Similarly, as supply exceeds demand or as foreclosed homes sit vacant on the market, months of neglect and deterioration further reduce values. Vacant homes and unemployment can also result with social issues such as high crime rates making areas less desirable to purchase in.

» World Economic Outlook, Growth Resuming, Dangers Remain – International Monetary Fund, April 2012.




11 Comments

  1. Few people have been saying this for a while, even people in this blog. I think this blog was set up to inform people of this, emphasis on think Admin ;~D). No one wanted to look this way.

    Now that the IMF says it, I wonder if people at least not respond with “you’re a doom and gloomer”, when they’re told.

  2. I have been studying the house prices in a wealthy Melbourne beachside suburb for two years. In the last two months, 22 houses for sale (that is one in four) have reduced their prices by 6-15%. And that is before negotiations begin! The average drop is 8%. This is just the beginning. Many million dollar houses are coming onto the market, suggesting the owners can no longer service their mortgage.

  3. Hardly rocket science is it?? Since we now “all” regard a roof over the head as just another asset class to be treated, well, just like any other asset – we should expect the same effect on the downside of over-leverage as has been seen numerous times in e.g. shares – people were ever-so-keen to leverage themselves up to the eyeballs when buying in to the “Dot.Com” bonanza was all the rage, and Companies who had literally provided neither services nor products were almost arbitrarily assigned million-dollar “values”. We all know how welll (NOT) that ended, but it seems we are too eager to forget history, and repeat the same old mistakes time after time.

    Providing the Aussie economy doesn’t completely crater, what are the best that we’ll be seeing this all over again in a few decades time – to the tune of “but it’s DIFFERENT this time” – just like in the end, it was NOT different here from everywhere else right now.

  4. I can tell you exactly what caused the housing crash in Australia. Someone had this fictitious idea of as worldwide recovery in their head and jacked up interest rates prematurely for no reason whatsoever. This is the sole reason for the housing crash artificially high interest rates compared to other major cities around the world.

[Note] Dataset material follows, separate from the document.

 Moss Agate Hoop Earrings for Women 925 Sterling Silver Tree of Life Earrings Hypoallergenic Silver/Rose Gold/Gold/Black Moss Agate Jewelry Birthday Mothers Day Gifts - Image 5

  5. Tony, we couldn’t possibly blame moronic, greedy homeowners living beyond their means, without even anticipating the possibility of rates rising, could we? Nah, let’s blame the faceless public servants like any good bleeding heart, nanny stater would. Couldn’t possibly expect people (adults) to take responsibility for their actions could we?

    I reckon if you think hard about it, you might actually find the cause for the ‘housing crash’ is in fact running low interest rates for too long.

    BTW in terms of a ‘housing crash’ I think we haven’t scratched the surface yet.

  6. Tony, its not the interest rates but rather the ease of credit and a favourable tax environment.
    Rate moves are not about the speed of the car but rather about swerving wildly to dodge the obstacles.

    /Don’t get run over.

  7. While low interest rates, favorable tax environment and ease of credit contributed towards this problem the cause was unethical investing behaviour by residential property investors facilitated by decision makers that enginerd this event to transfer wealth to the elite. I wish that people will wake up and realize that both this government and the past government intentionally created this problem. Both these governments are controlled by the same people and so it does not matter who you vote for. Do you really think the government cares about us?